### BRIEF
Exactly the lines below starting at the line with "If you'd like" and ending at the line with "It can occur" are wanted, with both ends included. Leave out the pictures and add no other lines.

Stored data entries
::::::::
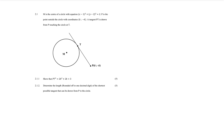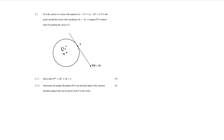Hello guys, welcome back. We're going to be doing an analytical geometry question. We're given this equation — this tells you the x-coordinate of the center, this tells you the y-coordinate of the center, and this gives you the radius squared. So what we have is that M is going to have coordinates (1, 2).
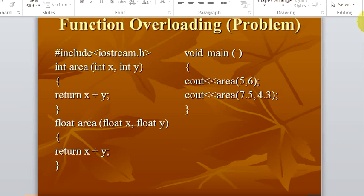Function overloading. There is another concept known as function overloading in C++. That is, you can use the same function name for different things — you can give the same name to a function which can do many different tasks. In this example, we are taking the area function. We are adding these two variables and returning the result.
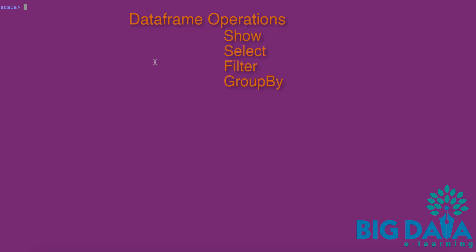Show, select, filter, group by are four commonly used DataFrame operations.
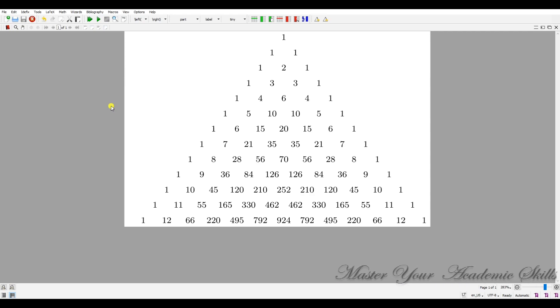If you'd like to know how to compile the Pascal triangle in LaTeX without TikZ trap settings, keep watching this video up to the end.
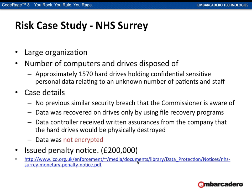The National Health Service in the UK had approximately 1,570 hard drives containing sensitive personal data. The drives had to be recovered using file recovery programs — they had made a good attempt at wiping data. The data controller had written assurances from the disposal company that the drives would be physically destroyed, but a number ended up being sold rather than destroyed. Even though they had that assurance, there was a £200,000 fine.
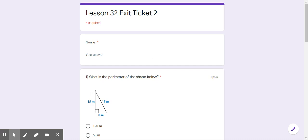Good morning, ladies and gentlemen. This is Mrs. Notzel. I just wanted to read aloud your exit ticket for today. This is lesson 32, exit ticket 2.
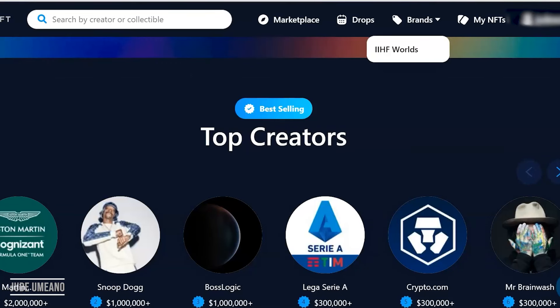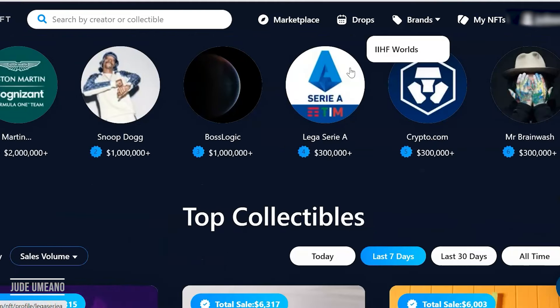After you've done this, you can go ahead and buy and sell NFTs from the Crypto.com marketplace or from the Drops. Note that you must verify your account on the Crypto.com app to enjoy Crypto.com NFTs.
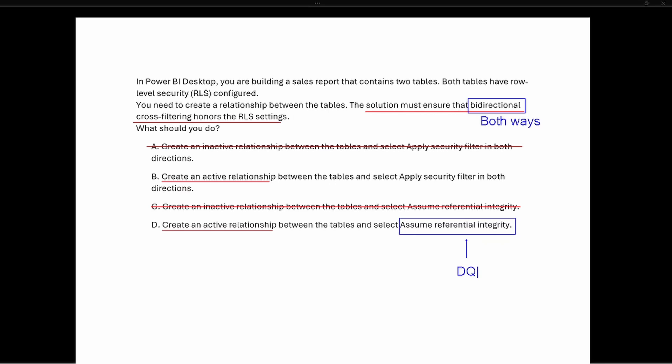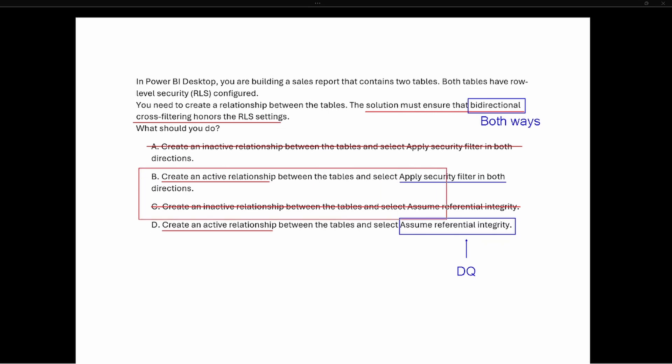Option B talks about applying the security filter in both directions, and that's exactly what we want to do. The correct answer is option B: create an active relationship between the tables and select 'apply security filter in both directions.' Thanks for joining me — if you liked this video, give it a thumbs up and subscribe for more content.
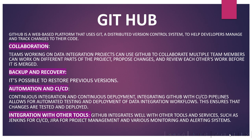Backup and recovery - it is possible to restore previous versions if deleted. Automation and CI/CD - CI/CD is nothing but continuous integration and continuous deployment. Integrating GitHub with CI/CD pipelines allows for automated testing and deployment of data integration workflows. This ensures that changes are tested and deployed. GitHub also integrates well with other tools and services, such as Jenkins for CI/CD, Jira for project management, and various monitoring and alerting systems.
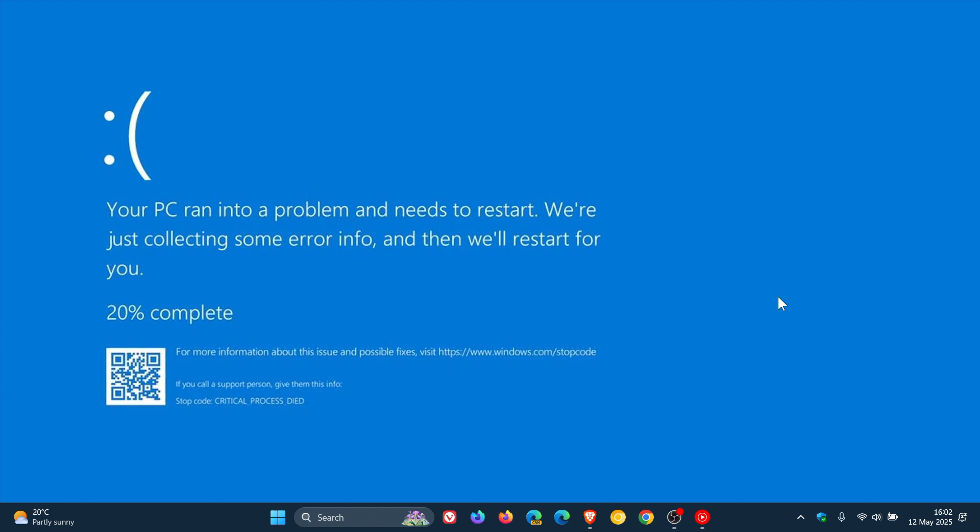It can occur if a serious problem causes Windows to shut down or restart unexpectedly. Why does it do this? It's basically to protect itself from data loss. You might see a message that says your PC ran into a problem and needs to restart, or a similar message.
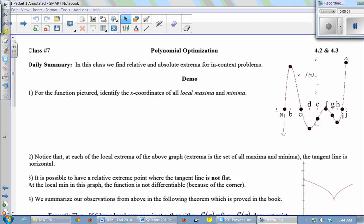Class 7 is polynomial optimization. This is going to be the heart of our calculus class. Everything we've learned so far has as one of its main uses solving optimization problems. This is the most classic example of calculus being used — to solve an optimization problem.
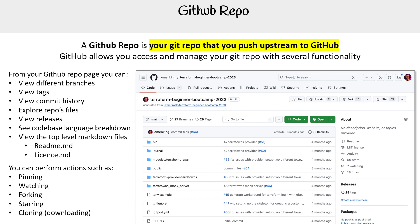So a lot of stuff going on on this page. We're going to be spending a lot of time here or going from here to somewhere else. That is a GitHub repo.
::::::::
### REPLY TO THE TASK
If you'd like to know how to compile the Pascal triangle in LaTeX without TikZ trap settings, keep watching this video up to the end.
The National Health Service in the UK had approximately 1,570 hard drives containing sensitive personal data. The drives had to be recovered using file recovery programs — they had made a good attempt at wiping data. The data controller had written assurances from the disposal company that the drives would be physically destroyed, but a number ended up being sold rather than destroyed. Even though they had that assurance, there was a £200,000 fine.
Good morning, ladies and gentlemen. This is Mrs. Notzel. I just wanted to read aloud your exit ticket for today. This is lesson 32, exit ticket 2.
After you've done this, you can go ahead and buy and sell NFTs from the Crypto.com marketplace or from the Drops. Note that you must verify your account on the Crypto.com app to enjoy Crypto.com NFTs.
Option B talks about applying the security filter in both directions, and that's exactly what we want to do. The correct answer is option B: create an active relationship between the tables and select 'apply security filter in both directions.' Thanks for joining me — if you liked this video, give it a thumbs up and subscribe for more content.
Backup and recovery - it is possible to restore previous versions if deleted. Automation and CI/CD - CI/CD is nothing but continuous integration and continuous deployment. Integrating GitHub with CI/CD pipelines allows for automated testing and deployment of data integration workflows. This ensures that changes are tested and deployed. GitHub also integrates well with other tools and services, such as Jenkins for CI/CD, Jira for project management, and various monitoring and alerting systems.
It can occur if a serious problem causes Windows to shut down or restart unexpectedly. Why does it do this? It's basically to protect itself from data loss. You might see a message that says your PC ran into a problem and needs to restart, or a similar message.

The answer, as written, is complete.